The new config system in pcb-rnd

Lists and arrays

Non-scalar settings are arrays or lists. Arrays can be explicitly indexed The default policy is always overwrite.

There are three active policies: overwrite, prepend and append. When dealing with lists:

Step 3 is straight-forward: if policy is overwrite, reset the output list and copy the source's list into the output list. If policy is prepend (or append), keep the current output list and prepend (or append) the list provided by the source.

In practice this means the user can replace, prepend or append ordered lists from various sources. A common example is setting the library search paths.

examples

simple overwrite

Config sources (ordered by priority):
role priority policy content
system 200 overwrite A,B,C
user 400 overwrite (not defined)
project 600 overwrite D,E

Merge iterations:

step description output list after executing this step remarks
0. reset the output (empty)  
1. apply system A,B,C  
2. apply user A,B,C "not defined" doesn't mean "empty", so the list is not deleted - no change
3. apply project D,E replace the original output because of the overwrite policy

Example scenario: the project is restricted to local footprint libs; this setup makes sure no system or user configuration injects external footprint paths.

empty overwrite

Config sources (ordered by priority):
role priority policy content
system 200 overwrite A,B,C
user 400 overwrite (not defined)
project 600 overwrite defined to be an empty list

Merge iterations:

step description output list after executing this step remarks
0. reset the output (empty)  
1. apply system A,B,C  
2. apply user A,B,C "not defined" doesn't mean "empty", so the list is not deleted - no change
3. apply project (empty) replace the original output because of the overwrite policy

prepend

Config sources (ordered by priority):
role priority policy content
system 200 overwrite A,B,C
user 400 prepend (not defined)
project 600 prepend D,E

Merge iterations:

step description output list after executing this step remarks
0. reset the output (empty)  
1. apply system A,B,C  
2. apply user A,B,C "not defined" doesn't mean "empty", so the list is not deleted - no change
3. apply project D,E,A,B,C  

Example scenario: the project has its own footprint libs with two paths; these should be searched before system and user paths, still, system path is also kept so stock footprints can be found.

This is better than hardwiring A,B,C in the project's list: A, B and C may depend on the installation on a given system.
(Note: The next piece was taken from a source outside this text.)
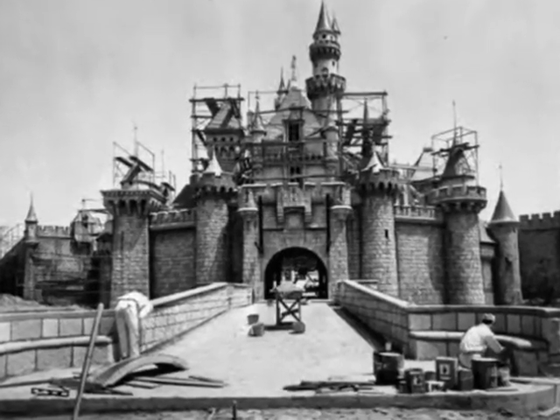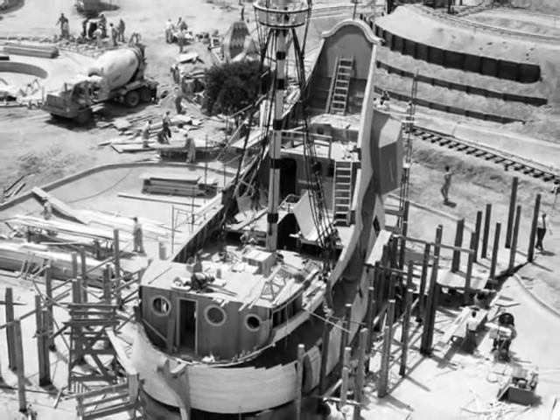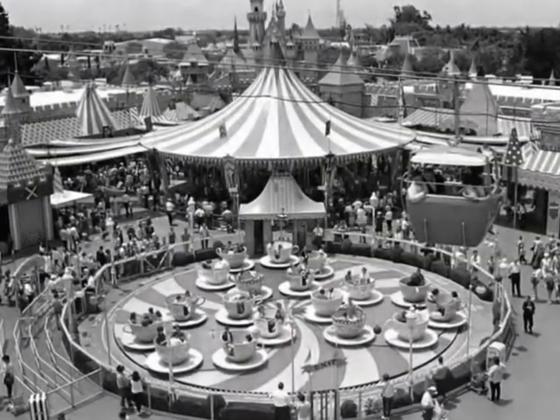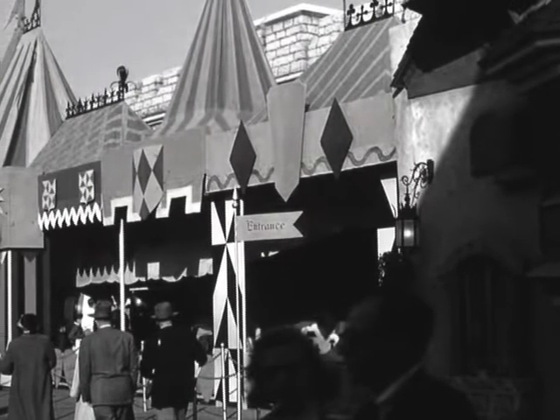In 1955, only four months from opening day, the work was frantic but also creatively spontaneous. To set the stage for this great adventure, a simple but effective exterior would need to be constructed.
A project file has no idea about how the system is installed but it is assumed system installation and the system configuration file are consistent.

append

Config sources (ordered by priority):
role priority policy content
system 200 overwrite A,B,C
user 400 append (not defined)
project 600 append D,E

Merge iterations:

step description output list after executing this step remarks
0. reset the output (empty)  
1. apply system A,B,C  
2. apply user A,B,C "not defined" doesn't mean "empty", so the list is not deleted - no change
3. apply project A,B,C,D,E  

Example scenario: the project has its own footprint libs with two paths; these should be searched after system and user paths. This means the local footprint lib has lower priority than the stock footprints. See system-dependent installation remarks in the previous point.

prepend+append

Config sources (ordered by priority):
role priority policy content
system 200 overwrite A,B,C
user 400 prepend X,Y,Z
project 600 append D,E

Merge iterations:

step description output list after executing this step remarks
0. reset the output (empty)  
1. apply system A,B,C  
2. apply user X,Y,Z,A,B,C  
3. apply project X,Y,Z,A,B,C,D,E  

list and hlist

There are two kinds of lists: string list (simply called list) and hash-list (called hlist).

Each element of a hlist is a hash node in the lihata conf file. These hash nodes are opaque to the conf system and must be processed by the plugin that uses the hlist. Normal merging still works on hlists: opaque elements can be prepended or appended and the whole list can be overwritten.

Each element of a plain (string) list is a text node in the lihata conf file, which is stored as a string in the memory by the conf system.